De trem, avião, carro ou barco, as relações da China com a América Latina tomaram um ritmo vertiginoso, alimentadas pelo estabelecimento na última década de "associações estratégicas" com Brasil, Venezuela, México e Peru. Além disso, Pequim subscreveu tratados de livre comércio com o Chile (2005), Peru (2009) e Costa Rica (2010).
O relatório de maio de 2010 da Cepal (Comissão Econômica para a América Latina e o Caribe) afirma que a China se transformou em "um parceiro destacado para um número importante de economias latino-americanas. É o primeiro destino das exportações do Brasil e Chile e o segundo para Argentina, Costa Rica, Cuba e Peru". Em outro relatório sobre investimento estrangeiro direto na região, a Cepal indica que em 2010 a China se situou no terceiro lugar dos investidores na região, com um total de US$ 15 bilhões e uma cota de participação de 9%, atrás dos EUA (17%) e Holanda (13%).
O interesse de Pequim na região ficou demonstrado quando em 2008 decidiu entrar como doador no BID (Banco Interamericano de Desenvolvimento). A contribuição inicial foi de US$ 350 milhões. A isto se somou o acordo assinado em setembro passado entre o BID e o China Eximbank, pelo qual fornece até US$ 200 milhões, que podem ser financiados em iuanes (renminbi, segundo o nome oficial da moeda chinesa) "para apoiar os fluxos comerciais entre China e América Latina".

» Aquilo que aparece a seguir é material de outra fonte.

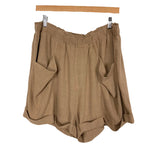 Amaryllis Tan Cuffed Front Pocket Shorts- Size 1X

Depois de afirmar que durante a última década a América Latina foi "o parceiro comercial mais dinâmico da China", a Cepal recomenda aos países da região que coordenem sua aproximação a Pequim e façam um esforço para "diversificar" suas vendas e promover os investimentos latino-americanos no gigante asiático. Também recomenda contatos políticos mais frequentes e a criação de uma cúpula China-América Latina.